### Task directions
Please repeat the entire listing verbatim and keep the pictures out.

### Information supplied

──────────

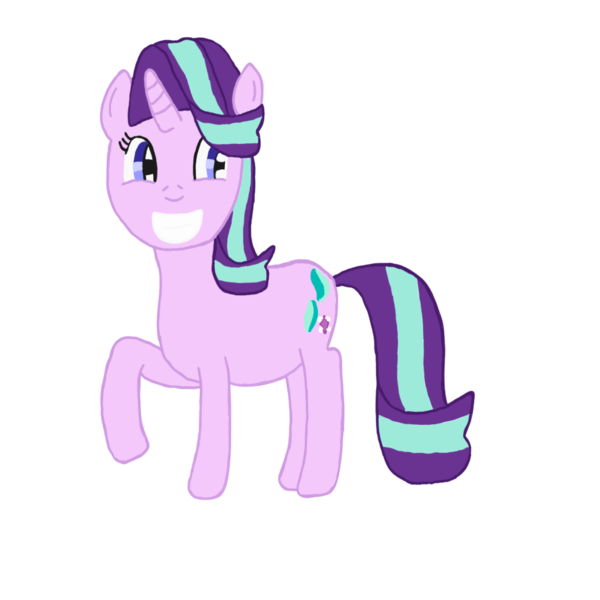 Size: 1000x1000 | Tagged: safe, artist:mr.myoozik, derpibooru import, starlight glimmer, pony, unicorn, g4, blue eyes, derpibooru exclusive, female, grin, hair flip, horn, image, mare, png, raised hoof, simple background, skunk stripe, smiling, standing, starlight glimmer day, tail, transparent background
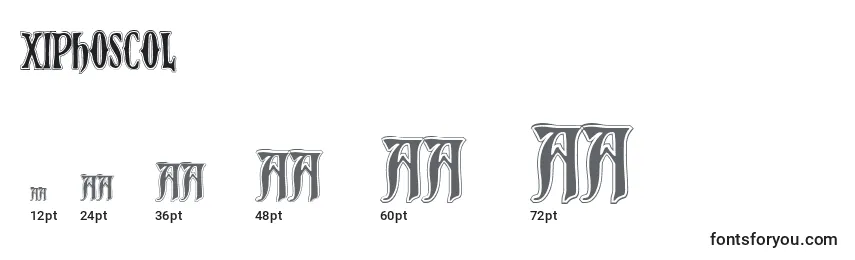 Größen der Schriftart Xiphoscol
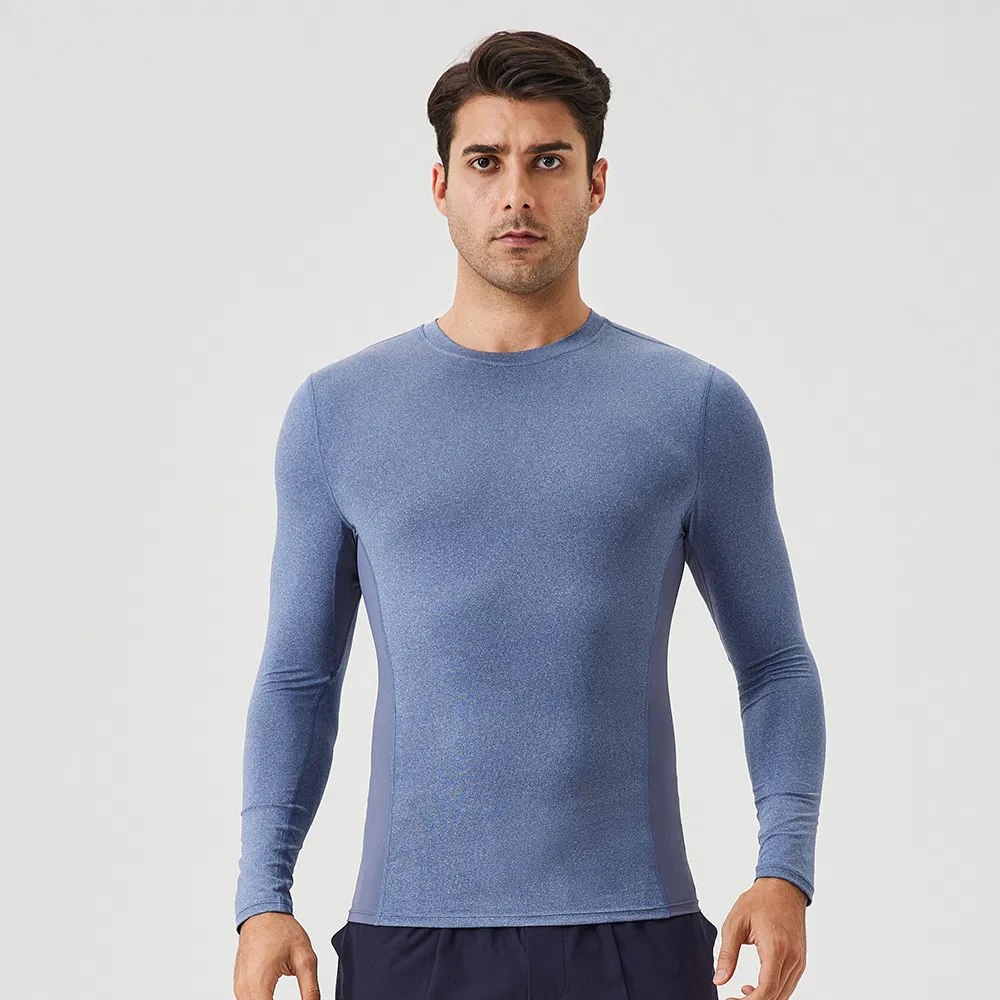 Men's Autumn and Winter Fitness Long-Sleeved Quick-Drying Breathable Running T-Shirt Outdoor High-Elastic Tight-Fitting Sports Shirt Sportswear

──────────

### Result for this exercise
 Size: 1000x1000 | Tagged: safe, artist:mr.myoozik, derpibooru import, starlight glimmer, pony, unicorn, g4, blue eyes, derpibooru exclusive, female, grin, hair flip, horn, image, mare, png, raised hoof, simple background, skunk stripe, smiling, standing, starlight glimmer day, tail, transparent background
 Größen der Schriftart Xiphoscol
 Men's Autumn and Winter Fitness Long-Sleeved Quick-Drying Breathable Running T-Shirt Outdoor High-Elastic Tight-Fitting Sports Shirt Sportswear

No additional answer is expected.